When it comes to figuring out what our economy is doing, most of the high mucky-mucks of politics and finance are simply not to be trusted. They insist that things are all wine and roses, running along quite splendidly . . . and meanwhile they're making sure they won't be affected by the downturn they must surely know is coming.
I've been accused of being a financial alarmist, of issuing warnings that never seem to be realized in reality. Well, they mostly have already been realized, as regular observers of our economy will realize: and they continue to be realized, on almost a daily basis. To reinforce the message, here are five inputs from different sources that you can read and research for yourself, to figure out what's going on. I highly recommend that you take the time to do so.
First, from Quoth The Raven, interviewing Chris Martenson:
The US Is A "Runaway Train"
"We clearly have a runaway monetary fiscal train at this point in time, and it's just headed towards what I call the nuclear reactor critical mass runaway moment,” Chris told me. “Higher interest payments beget more borrowing, which begets higher interest rates, which begets higher interest payments. And you're on that spiral. That's the death spiral, which happens to companies, but it can happen to countries too.”He continued: “We could have probably kicked the can another cycle or two, but now you have the rest of the world backing away, if not trotting away from the U.S. dollar, and people don't get it yet. China's negatively hoarding their treasuries, they're dis-hoarding right now. So China's selling. Japan's in a world of hurt. I don't know if you see, but the yen's here banging around at the 160 level again.
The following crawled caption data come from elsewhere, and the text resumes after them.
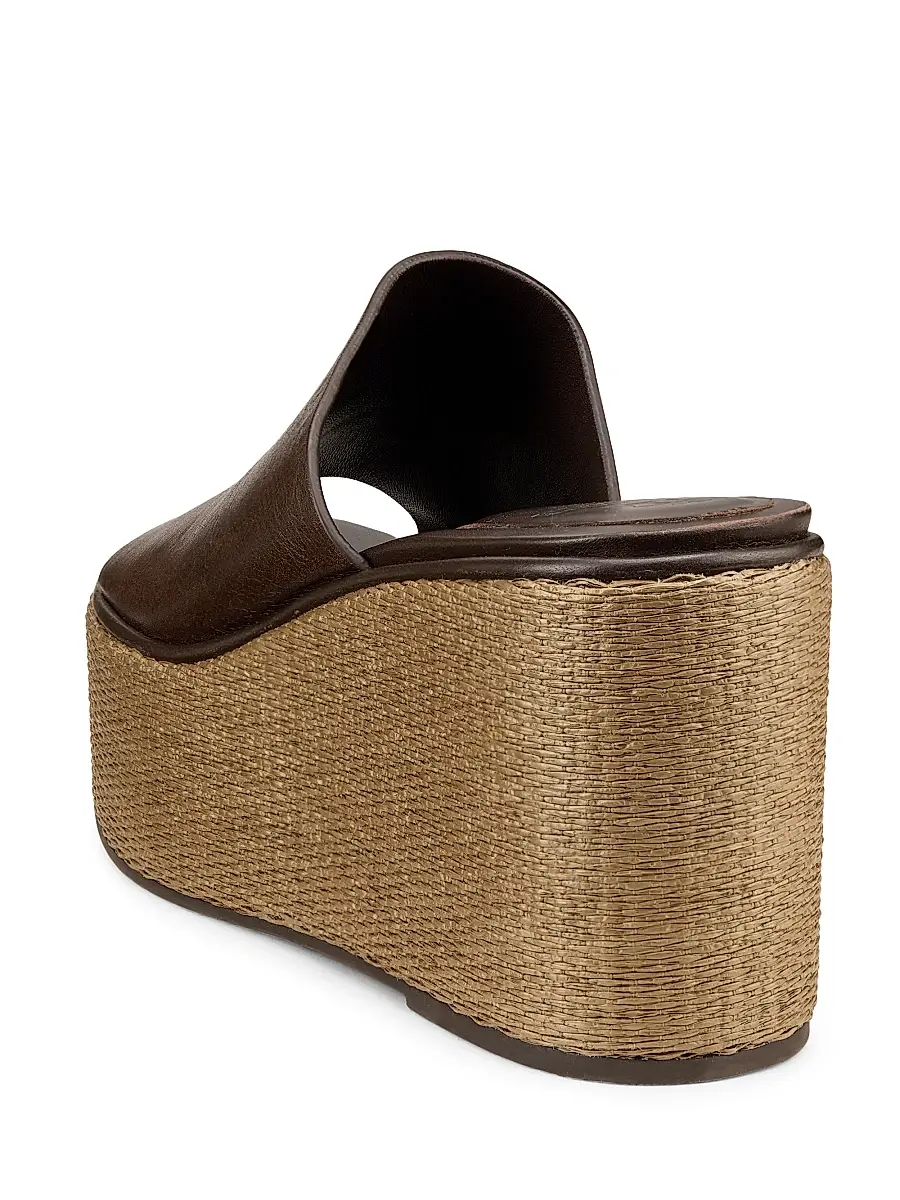 Brunello Cucinelli Women's 80MM Leather-Raffia Wedge Sandals | Thumbnail 3 Brunello Cucinelli Women's 80MM Leather-Raffia Wedge Sandals | Thumbnail 3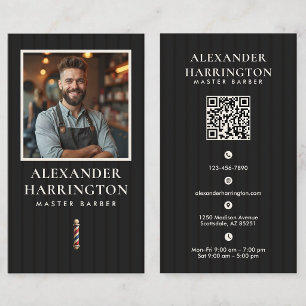 Zwarte Ivory Master Barber Foto QR Zakelijke Kaart Visitekaartje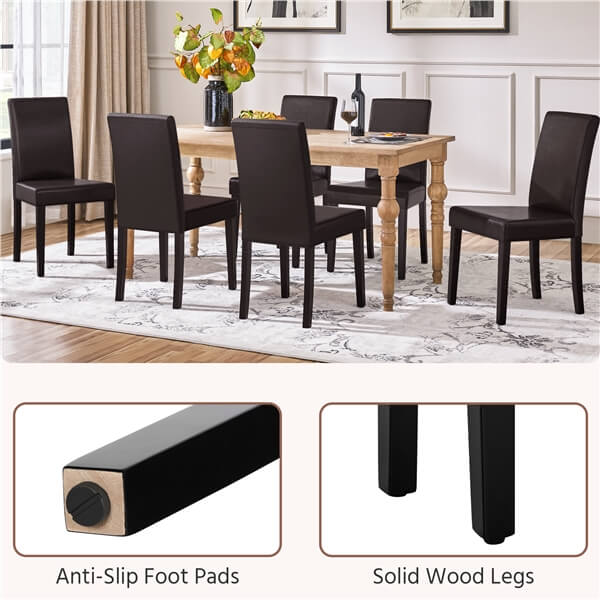 Armless Faux Leather Dining Chairs, Set of 6, Curved High Back — alternate angle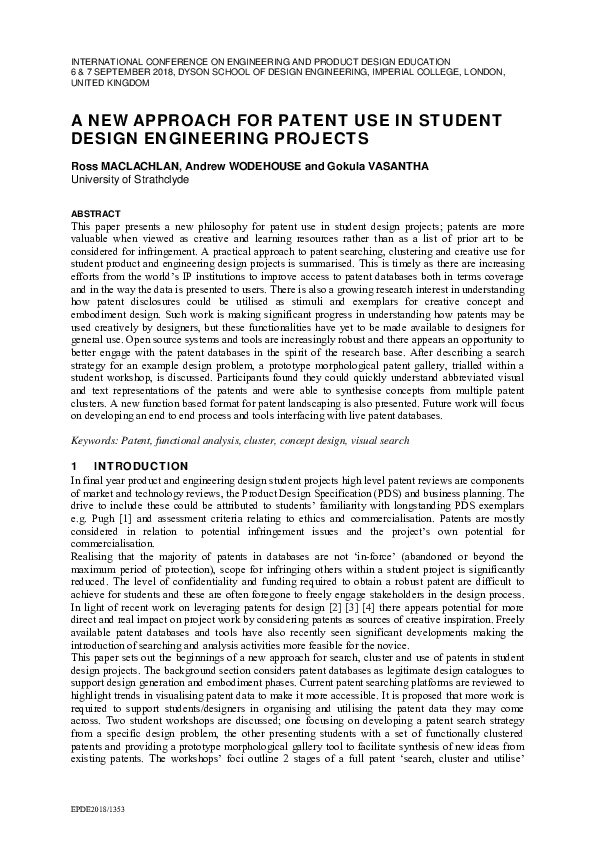 (PDF) A new approach for patent use in student design engineering projects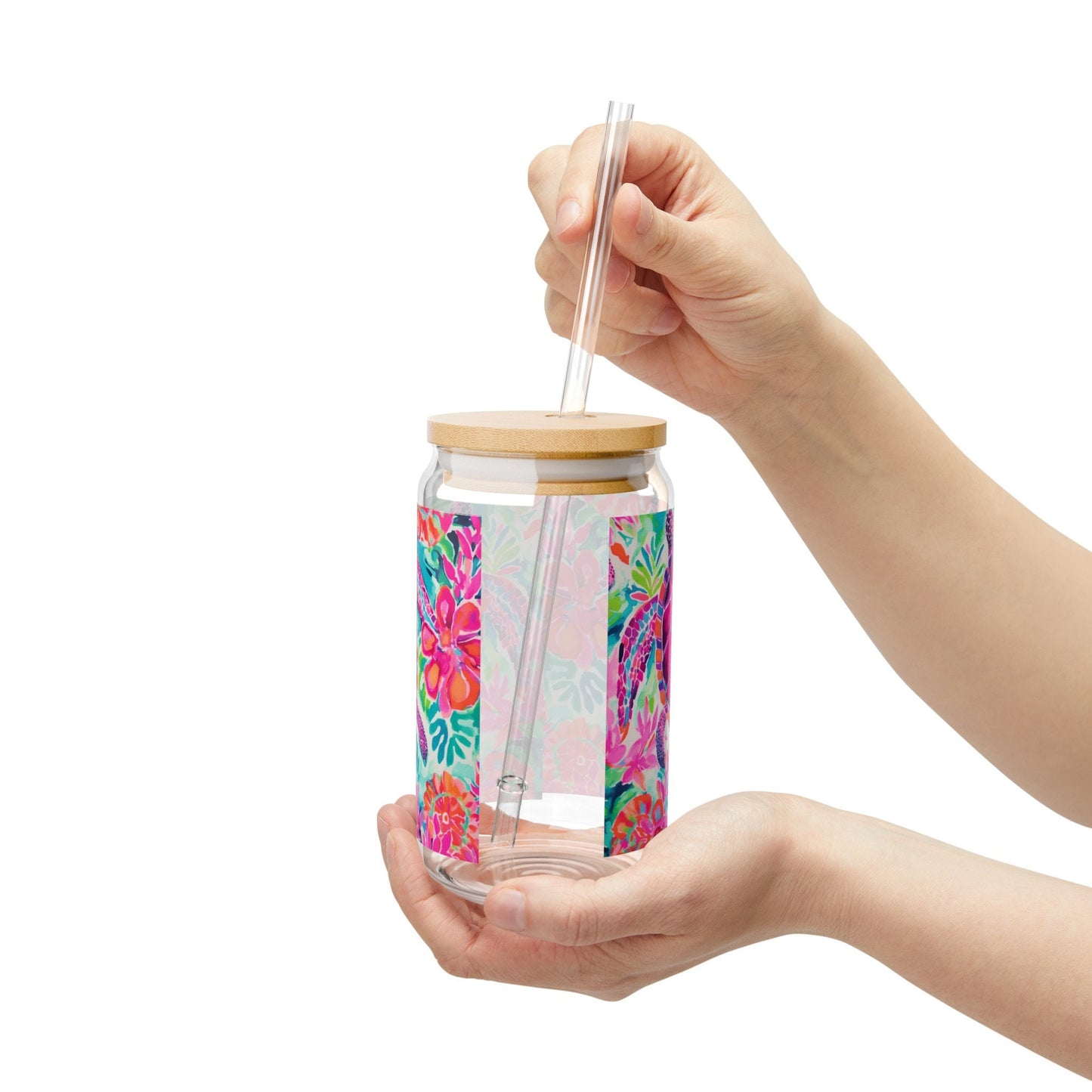 Sea Turtle Glass Coffee Cup with Straw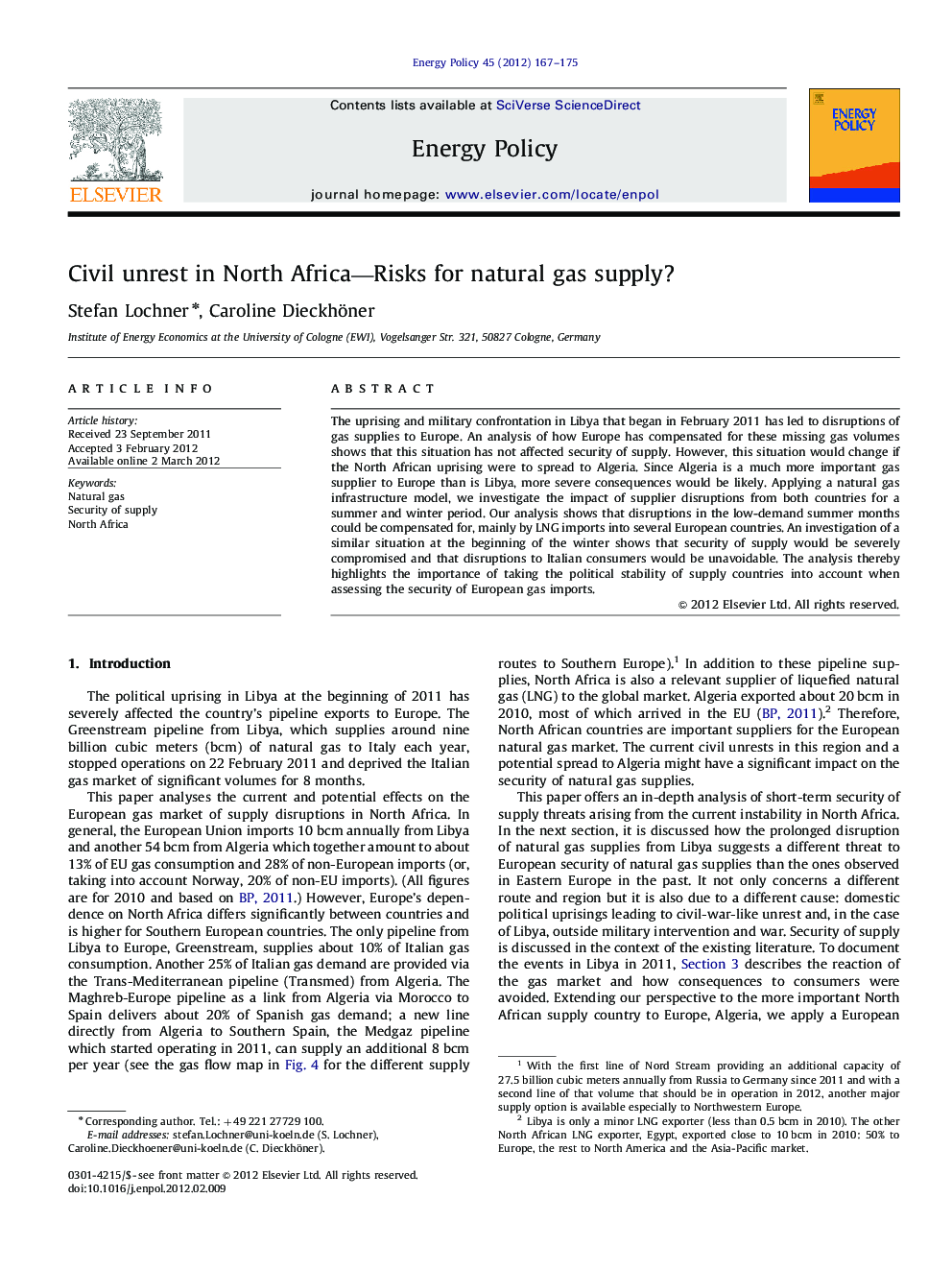 Civil unrest in North Africa-Risks for natural gas supply?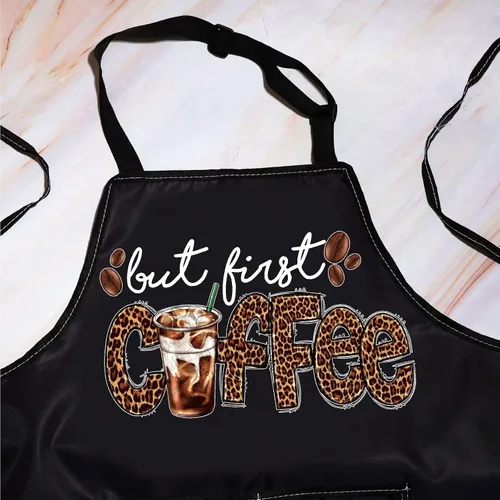 Vista 3 de WZMPA Delantal para amantes del café para mujeres y hombres, delantal para fanáticos del café, delantal ajustable con bolsillos para camarera barista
So they're selling, and their big bank has to probably sell some treasuries. Russia, obviously not buying any of our crap—they kicked that habit in 2018. But Saudi Arabia now not buying treasuries, dis-hoarding.”And he raised questions about where, exactly, treasury demand is coming from, telling me: “So who's buying? Well, you go to the Treasury International Capital Report. You find out, oh good, the Cayman Islands stepped in. Dude, we need an audit of the Fed right away. I don't think it's always suspicious to see it, no, because every time we need the Cayman Islands and the UK to step up and buy just hand over fist treasuries, somehow they do.”Finally, Chris — like most of us watching flawed policy unfold — says we’re definitely going back to QE: “But listen, here's a prediction. It's very easy to make for me. The Fed's going to have to go back to QE. It's not just lowering interest rates—that's going to do dick all for us at this point. They're going to go back to QE because we can't risk a treasury failure. We have $9 trillion of debt, new and existing, rolling through the auction market this next calendar year. And so the Fed's going to have to step in and start buying that stuff. Full stop. That's inflation."
Next, from CNN:
The world is sitting on a $91 trillion problem. ‘Hard choices’ are coming
The International Monetary Fund last week reiterated its warning that “chronic fiscal deficits” in the US must be “urgently addressed.”
. . .
Tackling America’s debt problem will require either tax hikes or cuts to benefits, such as social security and health insurance programs, said Karen Dynan, former chief economist at the US Treasury and now professor at the Harvard Kennedy School. “Many (politicians) are not willing to talk about the hard choices that are going to need to be made. These are very serious decisions… and they could be very consequential for people’s lives.”
. . .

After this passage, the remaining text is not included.